Okay so what’s happening here? Well first of all we’re looking for a models.json file, let’s look at that first:

{
  "qwen": {
    "model": "Qwen3.6-35B-A3B.gguf",
    "ctx-size": 32768,
    "top-k": 20,
    "top-p": 0.95,
    "min-p": 0.0,
    "temp": 1.0,
    "presence-penalty": 1.5,
    "parallel": 1
  },
  "gemma": {
    "model": "gemma-4-31B.gguf",
    "ctx-size": 32768
  }
}
Code language: JSON / JSON with Comments (json)

Here we define our different models as part of a large JSON object. Each node in the object represents a different model, keyed by an alias of some kind. The node contains customization parameters that can be handed down to llama.cpp, so we can tweak settings of different models to experiment with them.

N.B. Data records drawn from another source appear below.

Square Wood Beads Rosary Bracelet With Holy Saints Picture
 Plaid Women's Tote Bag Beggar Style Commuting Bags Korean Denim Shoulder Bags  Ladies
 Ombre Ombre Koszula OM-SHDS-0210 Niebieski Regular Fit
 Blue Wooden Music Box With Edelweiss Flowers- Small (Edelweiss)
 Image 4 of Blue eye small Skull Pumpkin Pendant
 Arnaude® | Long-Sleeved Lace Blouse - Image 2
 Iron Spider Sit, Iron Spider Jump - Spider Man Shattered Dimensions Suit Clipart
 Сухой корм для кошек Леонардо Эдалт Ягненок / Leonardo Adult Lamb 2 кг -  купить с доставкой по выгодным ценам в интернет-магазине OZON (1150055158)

Utilizing this new script is really simple: ./llama.sh qwen will load the qwen block out of the JSON object. If we don’t pass an argument at all, it just starts the very first model definition it can find. The customization parameters are added as flags to the actual llama-server execution.

Systemd

Finally we can set up llama.cpp to be a systemd service with a simple systemd definition located in /etc/systemd/system/llama-server.service:

[Unit]
Description=llama.cpp server
After=network-online.target
Wants=network-online.target

[Service]
Type=simple
User=jason
Group=jason
ExecStart=/home/jason/llama.sh
Restart=on-failure
RestartSec=5
WorkingDirectory=/home/jason
Environment=HOME=/home/jason

[Install]
WantedBy=multi-user.target
Code language: Shell Session (shell)

Now it’s easy to run and manage llama.cpp! For example if we want to test and switch models we would just:

Download our new model from HuggingFace to our ~/models directory
Update models.json with the new path to the model (and any additional customization params we might want)
sudo systemctl stop llama-server to stop the current running process
Use ./llama.sh <model alias> to start llama.cpp manually with our new model
- This will allow us to test out model performance and make some tweaks

Now if we want to switch models being used long term we can either adjust the order of entries in the models.json file (the script we wrote earlier will just load the first model in the json file if one is not explicitly requested) or update the llama-server.service file to add the alias to the ExecStart command.

Conclusion

I now have a new “AI Box” to experiment and spend some time learning. While I was making progress utilizing the old 3060 and very old Optiplex server, the time to process and limitations on model size were pretty painful right from the start.